→ ABOUT THIS EXERCISE:
Return, from the lines below, each one that includes the word "Blue".

→ Stored items from a collection:
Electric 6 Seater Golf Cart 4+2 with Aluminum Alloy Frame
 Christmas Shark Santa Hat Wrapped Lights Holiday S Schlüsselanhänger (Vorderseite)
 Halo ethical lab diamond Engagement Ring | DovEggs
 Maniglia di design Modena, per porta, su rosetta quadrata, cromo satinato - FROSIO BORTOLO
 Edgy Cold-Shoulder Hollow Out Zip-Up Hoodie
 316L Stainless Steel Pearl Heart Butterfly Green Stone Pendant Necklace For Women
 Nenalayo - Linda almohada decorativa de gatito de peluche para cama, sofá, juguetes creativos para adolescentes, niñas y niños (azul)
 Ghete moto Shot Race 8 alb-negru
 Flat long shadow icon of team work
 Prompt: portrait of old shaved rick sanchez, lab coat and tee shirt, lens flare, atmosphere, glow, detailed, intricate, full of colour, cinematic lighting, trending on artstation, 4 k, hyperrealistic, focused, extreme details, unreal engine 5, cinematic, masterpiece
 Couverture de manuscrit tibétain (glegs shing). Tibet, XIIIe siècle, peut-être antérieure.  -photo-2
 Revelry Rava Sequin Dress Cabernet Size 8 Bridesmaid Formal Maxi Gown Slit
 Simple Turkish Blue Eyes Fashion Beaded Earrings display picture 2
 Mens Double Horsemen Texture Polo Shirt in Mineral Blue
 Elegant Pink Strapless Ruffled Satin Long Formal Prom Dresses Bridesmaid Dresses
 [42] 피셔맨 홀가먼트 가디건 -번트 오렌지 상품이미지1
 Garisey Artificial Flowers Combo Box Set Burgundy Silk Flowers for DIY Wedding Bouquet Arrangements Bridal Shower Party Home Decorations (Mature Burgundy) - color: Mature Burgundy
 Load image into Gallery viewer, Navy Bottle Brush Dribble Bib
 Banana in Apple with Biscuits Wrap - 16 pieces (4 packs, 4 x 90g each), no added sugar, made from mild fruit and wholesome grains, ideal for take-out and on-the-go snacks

→ OUTPUT FOR THIS TASK:
 Simple Turkish Blue Eyes Fashion Beaded Earrings display picture 2
 Mens Double Horsemen Texture Polo Shirt in Mineral Blue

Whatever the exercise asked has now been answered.